Northern Cape ANC chairperson and premier Zamani Saul agreed with Ramaphosa that what happened was indeed an insurrection.

“The attack on January 6 on the US Capitol was an insurrection. The violent incidences of lawlessness accompanied by looting in KZN and GP, where more than 200 people lost their lives, were definitely acts of insurrection. To characterise these acts differently is just nonsensical,” Saul said.

ANC head of presidency Sibongile Besani – also a member of the NEC – said Ramaphosa was correct in his characterisation.

According to Besani, an insurrection in SA would not necessarily be a typical coup where a president is abducted by the military, as often happens in other countries.

However, he said, those behind the unrest last week aimed to persuade the hearts and minds of the public into rising up against the government.

Had they been successful, it would have led to total “ungovernability”, Besani said.

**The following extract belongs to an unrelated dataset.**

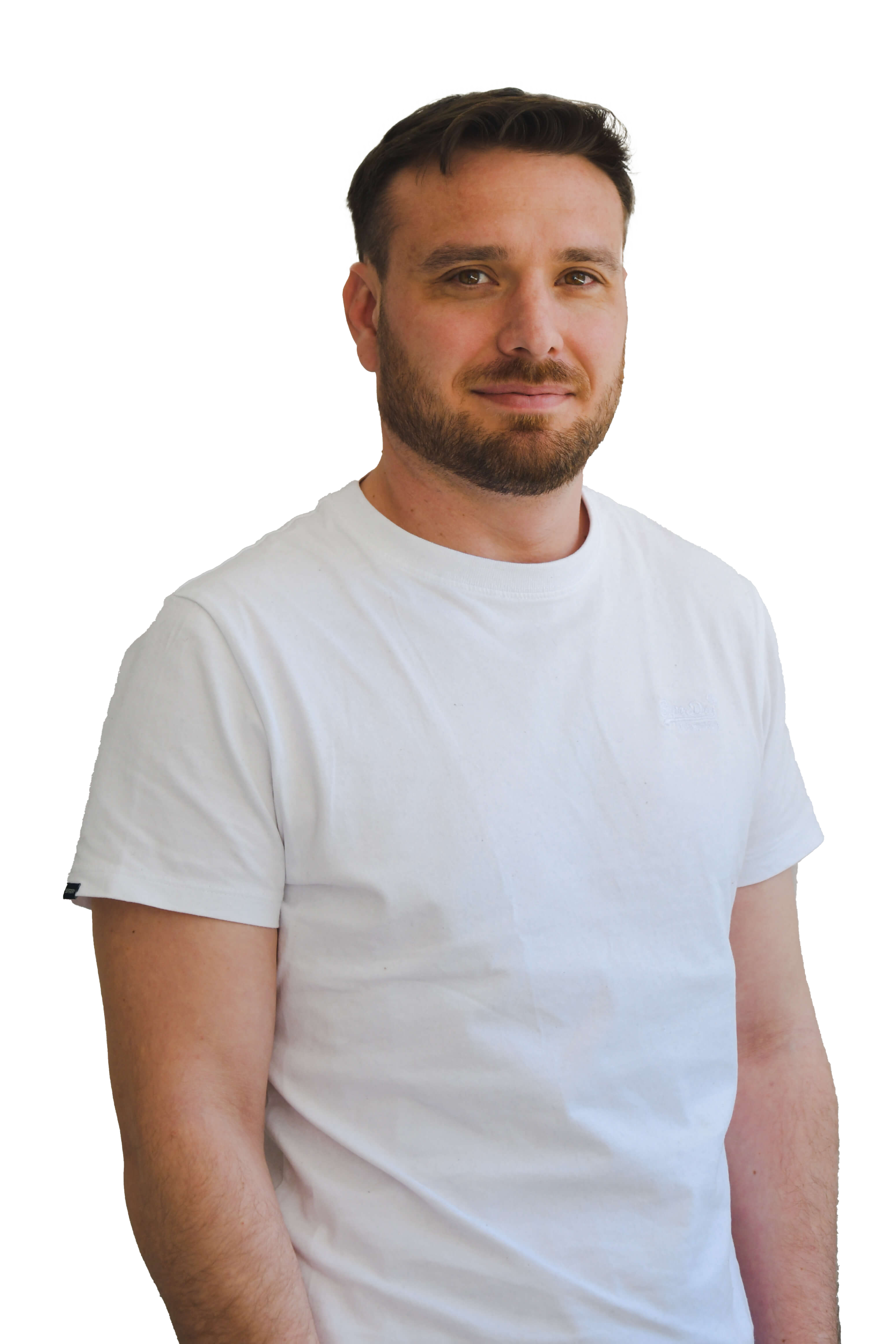 HubSpot Vs Calendly Comparatif Avis HubSpot Vs Calendly Comparatif Avis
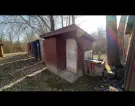 Komárom-Esztergom megye - Bokod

“In my view, those who orchestrated this thing, this insurrection as the president articulates it, it was not your normal service delivery protest as we have seen them in SA. It was first trying to cut the food supply in the context of [lockdown] level four and in the context of high levels of unemployment. In the context of underperforming economy, it is easy to trigger anger of people, especially against government,” Besani said.

When Ramaphosa took over, a campaign to delegitimise and project him as somebody who will not implement conference resolution was already rolling three months or so in his presidency of the ANC. Then that campaign evolved to suggest that Ramaphosa is a lackey of white monopoly capital.
Sibongile Besani, ANC head of presidency 

He also fell short of attributing the failed “insurrection” directly to those who have been calling for the head of Ramaphosa since his election as ANC president at the Nasrec conference in December of 2017.

“Remember, there have been calls for the demise and the fall of Ramaphosa and this demise is also linked to the demise of the current [ANC] NEC. That has been quite clear. So the strategy has been to delegitimise the president of the ANC. And it’s not something new.

“When Ramaphosa took over, a campaign to delegitimise and project him as somebody who will not implement conference resolution was already rolling three months or so in his presidency of the ANC. Then that campaign evolved to suggest that Ramaphosa is a lackey of white monopoly capital. And it has been going on and on.

“So the delegitimisation agenda against Ramaphosa and the government he leads has been taking various formats, and if you look at this campaign some of these utterances have been coming from the ranks of the ANC – you can’t rule that out,” Besani said.

There have been mixed messages coming from the government on the characterisation of last week’s unrest.

Initially, Ramaphosa described it as “ethnic mobilisation”, but later changed his position and classified it as an attempted insurrection.

Defence minister Nosiviwe Mapisa-Nqakula, however, contradicted Ramaphosa when she appeared before the portfolio committee on defence on Sunday.

She told the meeting on Sunday night that events of the past 10 days amounted to a “counterrevolution”, because for the unrest to be characterised as an insurrection there had to be a face behind it.

On Tuesday she did an about-turn, saying it was indeed an insurrection.

“The president has spoken. It was an attempted insurrection, OK. And I confined myself to counterrevolution, but, ultimately, remember, any element of counterrevolution may as well lead to an insurrection. Because counterrevolution is about doing all manner of things which are meant to undermine the authority of the state,” Mapisa-Nqakula told journalists in Chatsworth in KZN.

She further told eNCA she was being portrayed as a “young girl” for having contradicted Ramaphosa.

“It is important for me, for my own comfort, for the comfort of all those who put me where I am, including the president himself, to appreciate that there was never any mischief on my side by making that kind of statement. There was never a deliberate effort to undermine the authority of [or contradict] the commander-in-chief [Ramaphosa].”

Mapisa-Nqakula said she had explained herself to the National Security Council, which took a decision that there was an attempted insurrection in the country.